───── Information given ─────

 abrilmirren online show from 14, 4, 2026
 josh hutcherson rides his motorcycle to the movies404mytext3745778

─────
───── Information given ─────

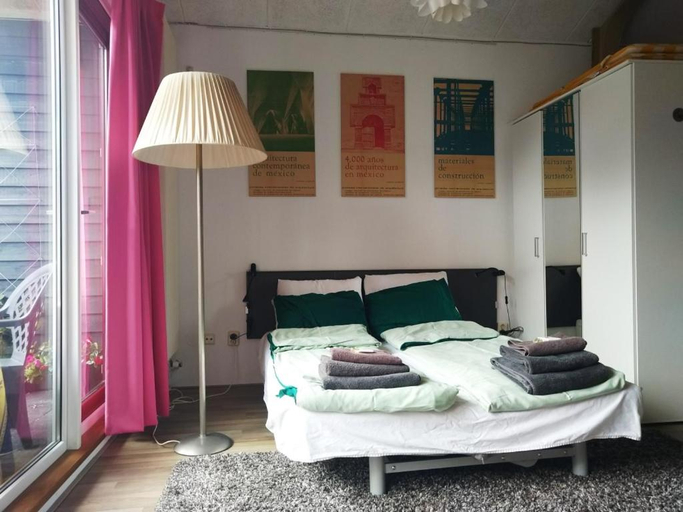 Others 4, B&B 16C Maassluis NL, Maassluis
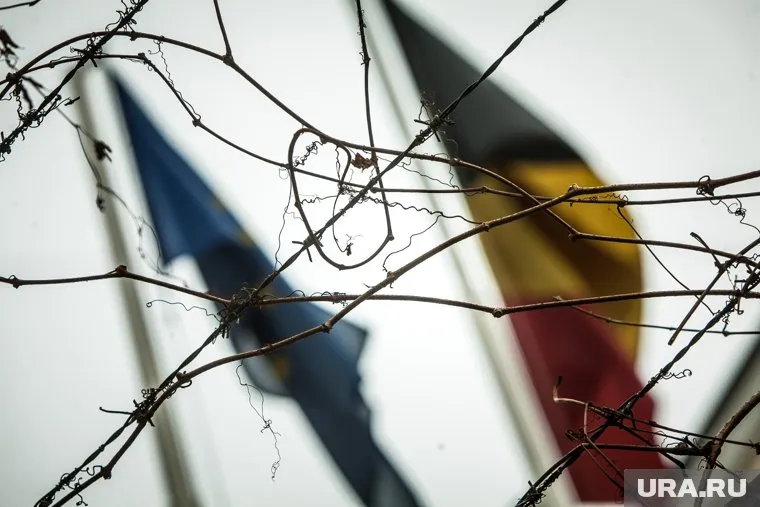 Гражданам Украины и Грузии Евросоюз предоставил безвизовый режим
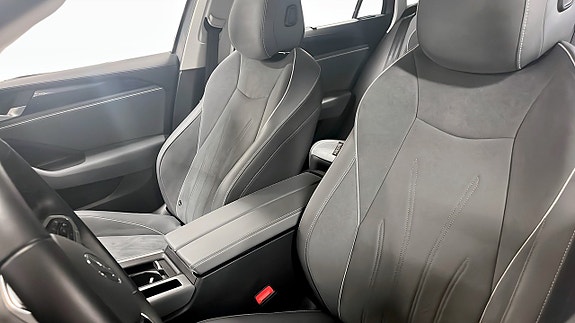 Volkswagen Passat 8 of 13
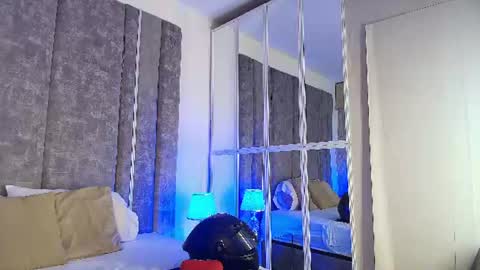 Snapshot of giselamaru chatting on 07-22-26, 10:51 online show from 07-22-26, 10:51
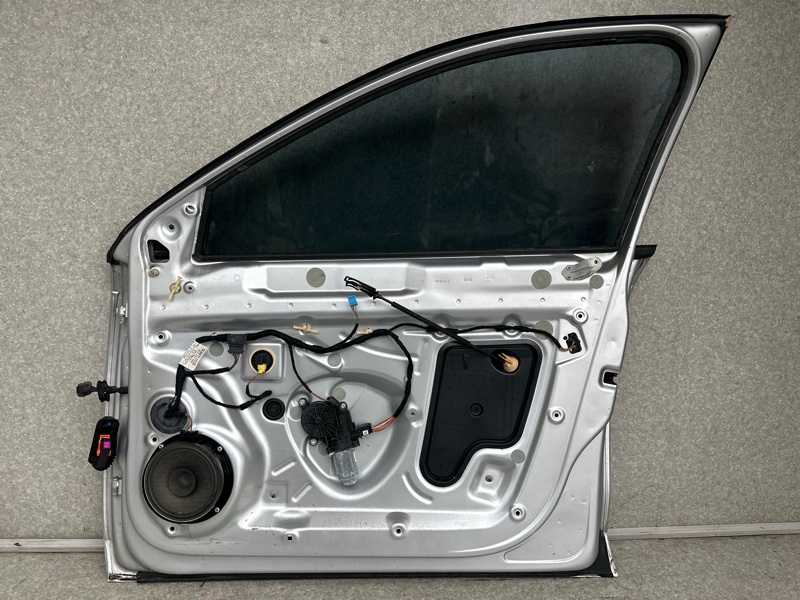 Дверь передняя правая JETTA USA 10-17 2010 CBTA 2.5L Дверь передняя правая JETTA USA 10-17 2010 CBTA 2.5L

─────

The problem
Please output, exactly as written, the lines above from the one holding "Others 4, B&B 16C Maassluis NL, Maassluis" through the one holding "Дверь передняя правая JETTA USA 10-17 2010 CBTA 2.5L Дверь", both included, with the pictures omitted.

Reply
 Others 4, B&B 16C Maassluis NL, Maassluis
 Гражданам Украины и Грузии Евросоюз предоставил безвизовый режим
 Volkswagen Passat 8 of 13
 Snapshot of giselamaru chatting on 07-22-26, 10:51 online show from 07-22-26, 10:51
 Дверь передняя правая JETTA USA 10-17 2010 CBTA 2.5L Дверь передняя правая JETTA USA 10-17 2010 CBTA 2.5L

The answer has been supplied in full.